After regretting sitting out the 2014 World Championships, and then not trying out for the team this year after wondering how effective he would be at this age, U.S. coach Tony Resch reached out to Powell earlier this year with an invitation to attend training camp.
"I'm really glad they called," he says. "So let's go." To blast himself back into game shape, Powell relies on a holistic set of workouts — lunges, high-knees, step-ups, and plyometric work designed specifically to keep his footwork sharp, his steps quick, and his core strong. He doesn't lift weights, and instead of throwing iron around, he stretches, does yoga, and works primarily on getting his legs strong. He's been running bleachers with his 9-year-old daughter Bella on his shoulders. He started doing Insanity workouts and boxing in the two-week run-up to the tournament, working on cardio and "zapping" his legs, he says.

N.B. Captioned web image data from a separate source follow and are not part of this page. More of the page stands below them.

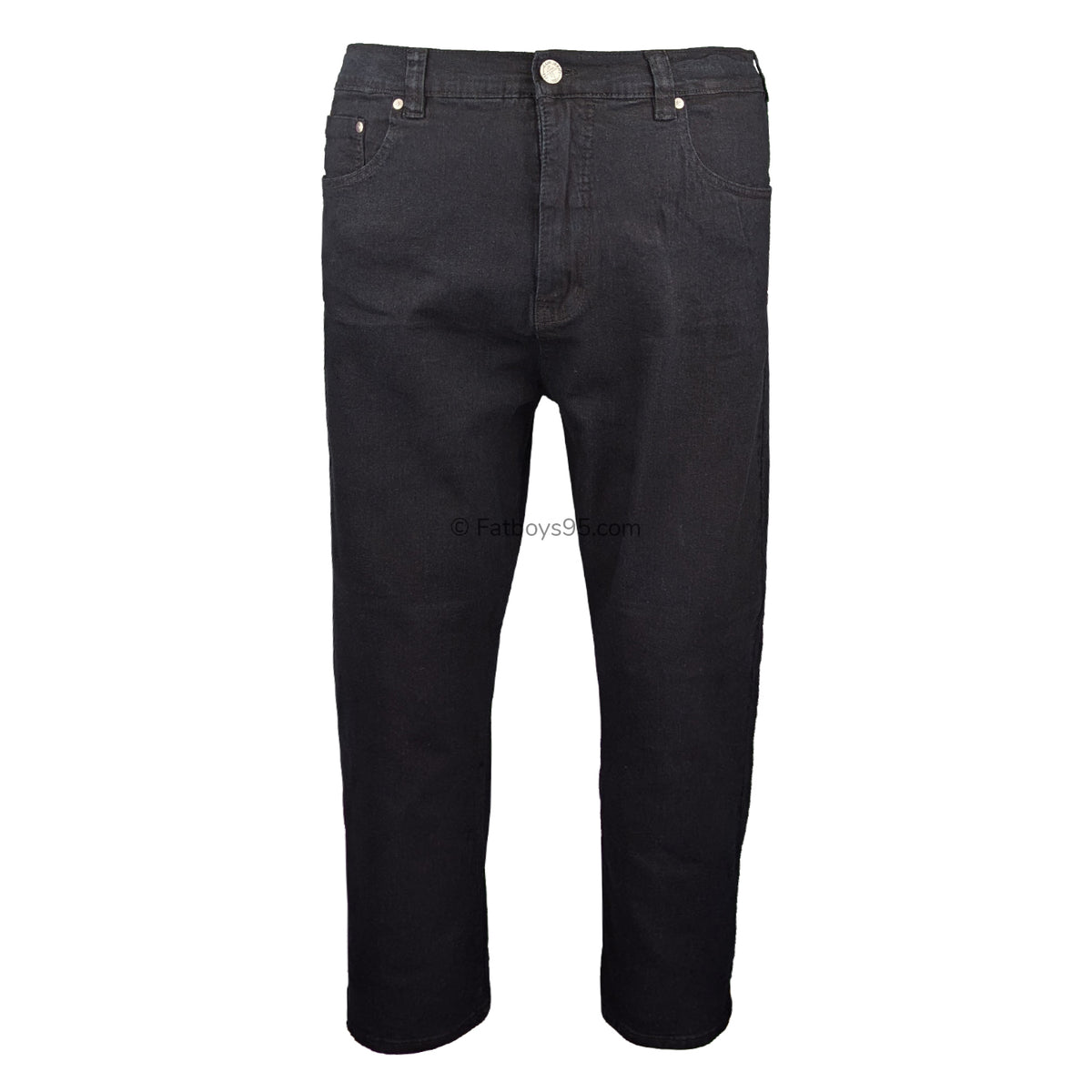 Kam Stretch Jeans - KBS101 - Black 1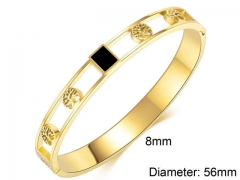 Stainless Steel Jewelry Wholesale - Stainless Steel Bangles - HY0016D109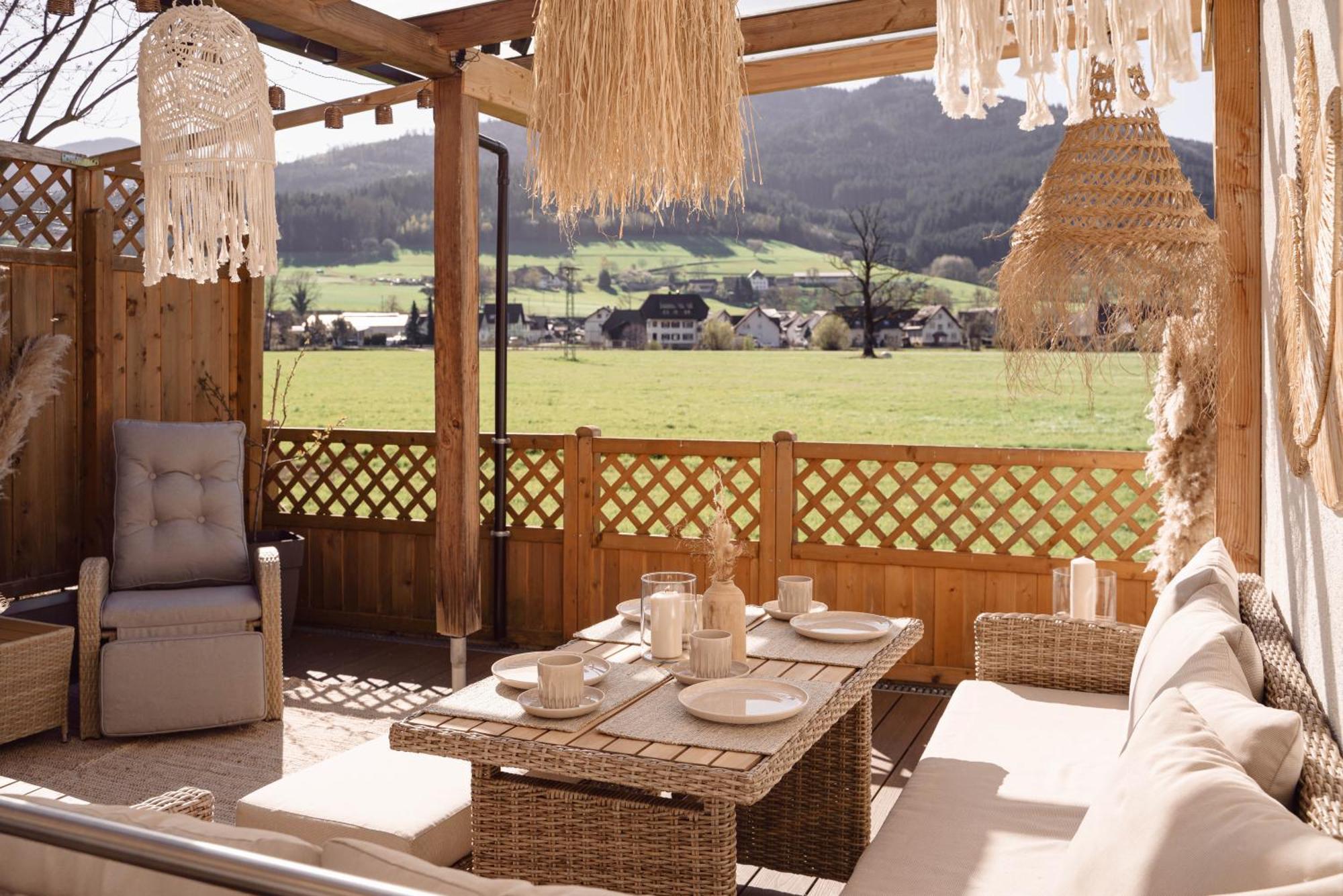 Wellness Pension Am Rain Winden im Elztal Exterior photo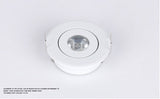 MINI Downlight Dimmable 6W High Power LED Recessed Ceiling Downlight Lamps LED Downlights for Living Room Cabinet Bedroom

"Because I am a coach and almost 40, I have a lot of experience and it's kind of like Old Man Hoops, you know where to be and when to be there and when to exert your efforts," he says. "Because of my experience, the game has really slowed down for me and I can react to what's happening out there."
He admits he isn't "obsessive" about diet and just makes smart decisions about what he eats. He limits junk food and constantly drinks water. "I just wake up and start chugging," he says.
Beyond the lunges and high knees, what really pushes Powell is the fire inside of him.
"The reason I can still play is my body has held up and I'm just as passionate about it as when I started playing," he says. "I've never lost that. That's what drives me when I'm out on the field. When the whistle blows, I just have this mindset and attack that I still love to play the game and I love to compete. That's what drives me."
The workouts have been paying off and in his return to the floor after a two-year break from the indoor game, Powell saw immediate results.
"My core strength felt really good so I was able to get hit defensively and still maintain the development of the play," he says. "Ten years ago I would have been pushed off center. I felt stronger than I did back then, so I was able to remain in the play and continue to make something happen. I felt good and it's always great being out there. When I first started playing lacrosse, I always wanted to play for the U.S. team. Here's another opportunity.
"It's always special and it's something I don't take for granted. I'm hungry and motivated to go up and make a difference and play in front of my family and friends and Syracuse fans."
It all starts with a single step. And this weekend, Powell will step into an indoor lacrosse arena for the first time in two years. He'll do it in a place he considers home. And he'll be as fast and as strong and as wise as he's ever been.